Security professional with many years of experience with the practical application of cryptographic algorithms and protocols. I've helped with the design of protocols and API's within international standardization bodies. Over 30 years of general experience with computers, starting with MSX Basic at an early age. I've developed in Java for as long as the language exists (Kotlin is looking good too).

---

Copy/paste security doesn't exist.

All of the high scoring answers on StackOverflow have displayed grave security mistakes.

If the code runs it does not mean it is secure. I would guess that about 10% of the code posted on StackOverflow could be secure. If you want to learn cryptography I highly recommend Crypto I from Dan Boneh at Coursera as a (University level) introductory course.

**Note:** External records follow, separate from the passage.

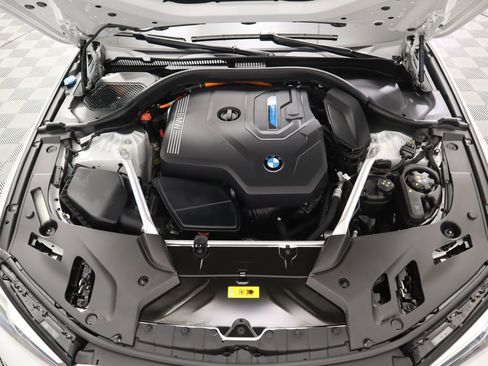 Certified 2023 BMW 530e w/ Premium Package image 30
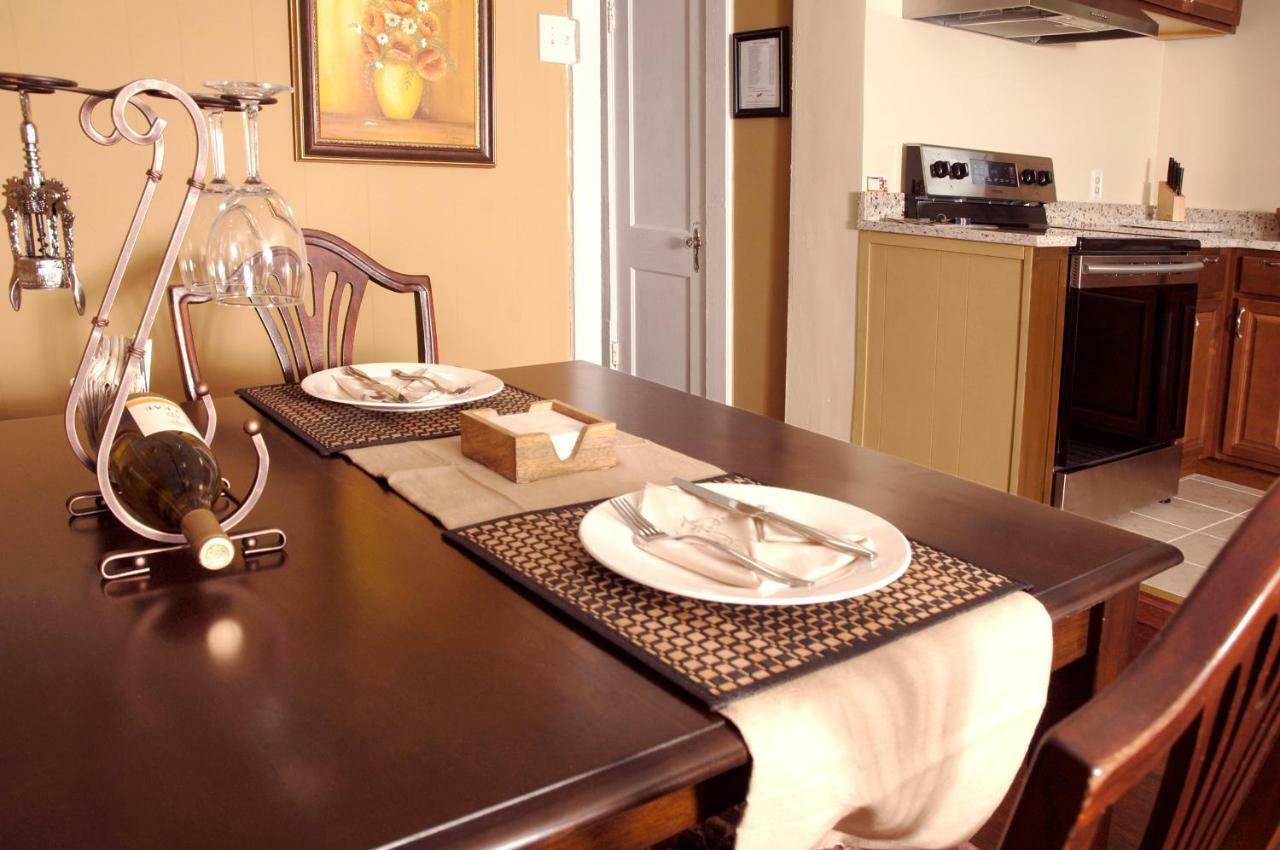 Victorian Luxury One Bedroom Apartment เซนต์ออกัสติน ภายนอก รูปภาพ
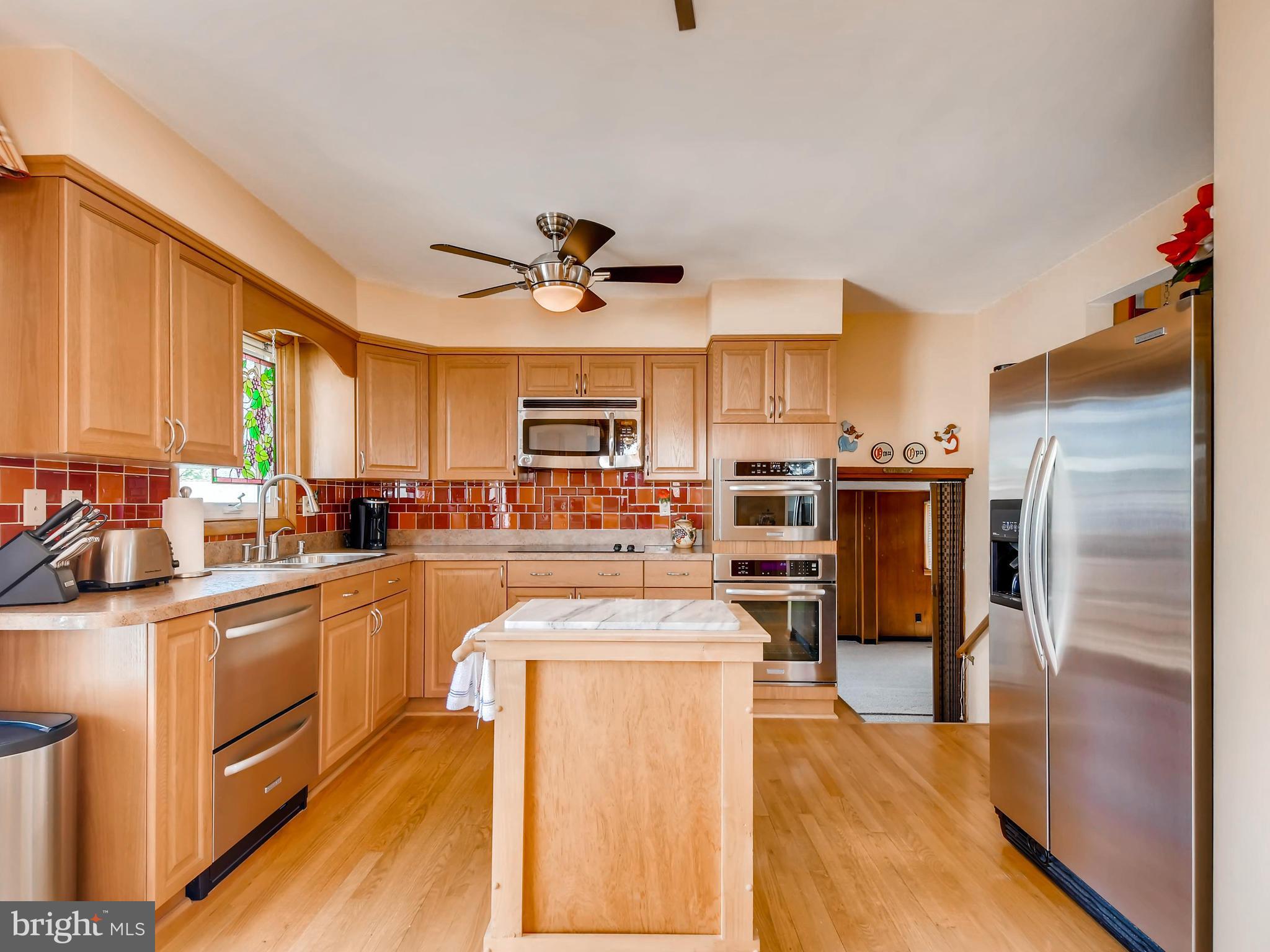 1927 Sunberry Road Baltimore, MD 21222 - Photo 8 of 25 A Chef's Dream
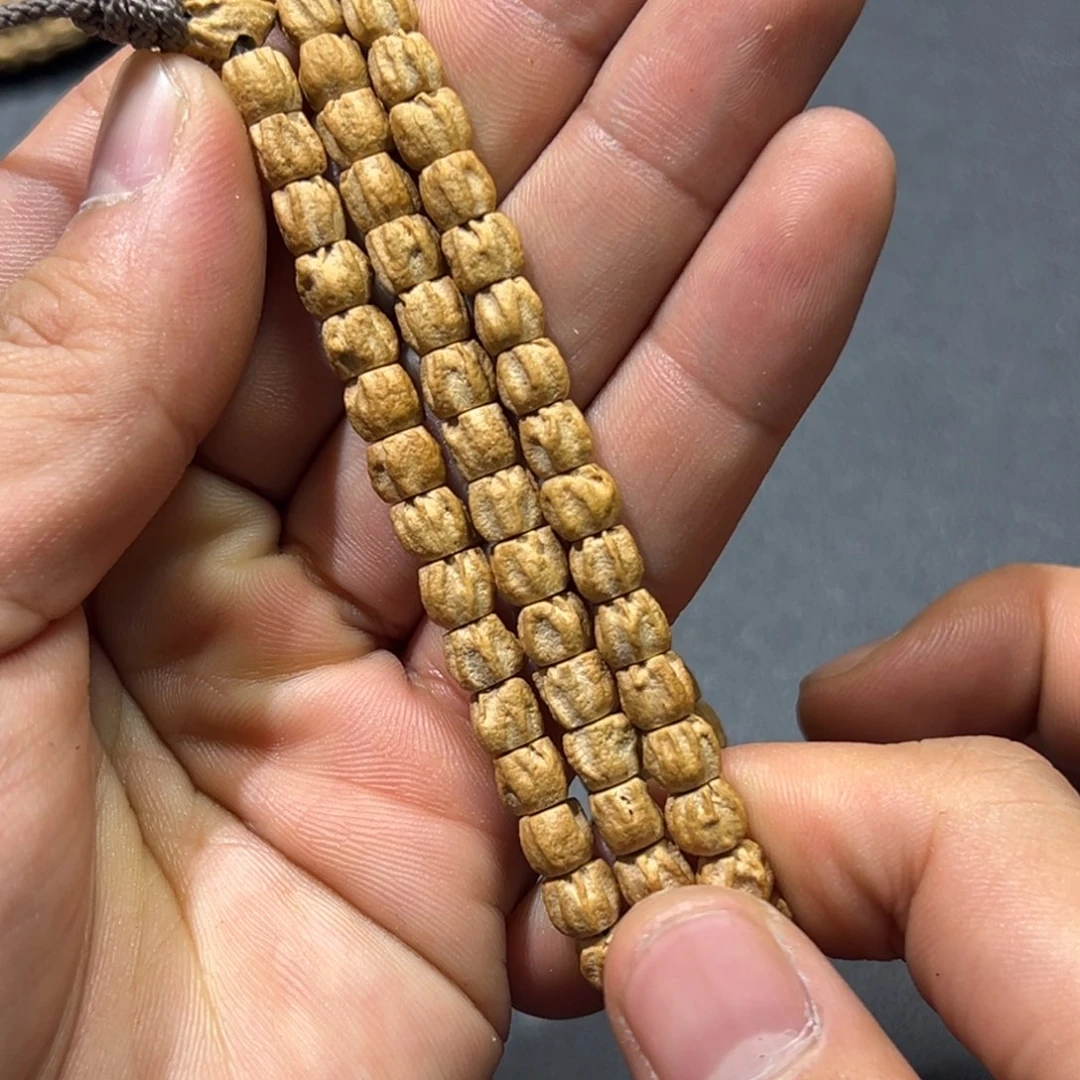 吊坠柏香籽/百香籽B16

The most basic and therefore most common security mistakes:

• not understanding the difference between encoding and encryption;
• using keys or IV's directly derived from text / passwords;
• using ECB mode encryption;
• using MD5, DES or other outdated cryptographic algorithms;
• not understanding on how to use an IV / nonce;
• performing password hashing (or key derivation) without applying PBKDF2, bcrypt or scrypt
• using ciphertext that is not protected by an authentication tag;
• thinking that OTP (XOR-encryption) can be made secure (without inventing an inefficient stream cipher);
• encryption without establishing trust (most browser based encryption);
• using textbook RSA or using RSA to directly encrypt messages;
• inventing transport based security instead of using (D)TLS;
• not using a cryptographically secure random number generator.

If you're making any of the above mistakes please hire a professional. Please do not rely solely on StackExchange answers.